### INSTRUCTIONS TO FOLLOW
Pictures are to be left out. Return exactly the lines below from the one with "Обучающий семинар по" up to and including the one with "Pela Vacuum Pump Oil Extractor €58.95".

### EXERCISE DATA
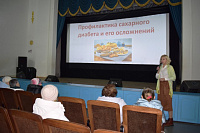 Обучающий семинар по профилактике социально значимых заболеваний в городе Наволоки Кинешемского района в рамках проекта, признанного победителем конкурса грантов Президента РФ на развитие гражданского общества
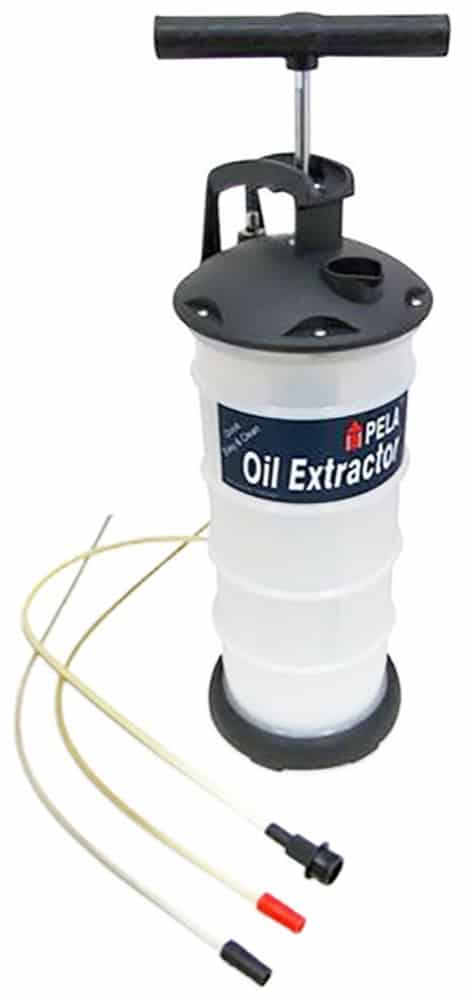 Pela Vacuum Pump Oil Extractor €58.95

...

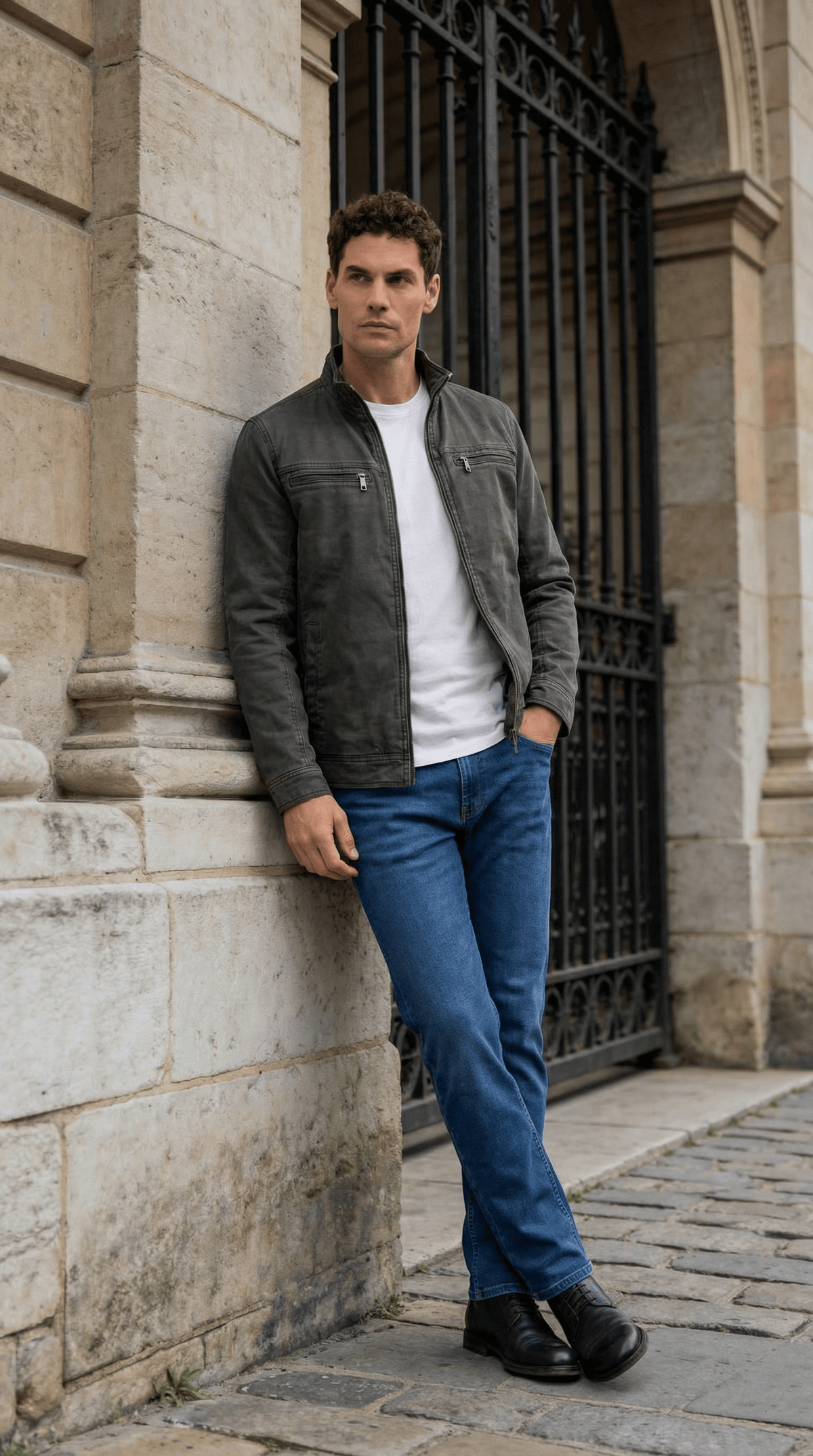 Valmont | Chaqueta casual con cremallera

### WRITTEN ANSWER
 Обучающий семинар по профилактике социально значимых заболеваний в городе Наволоки Кинешемского района в рамках проекта, признанного победителем конкурса грантов Президента РФ на развитие гражданского общества
 Pela Vacuum Pump Oil Extractor €58.95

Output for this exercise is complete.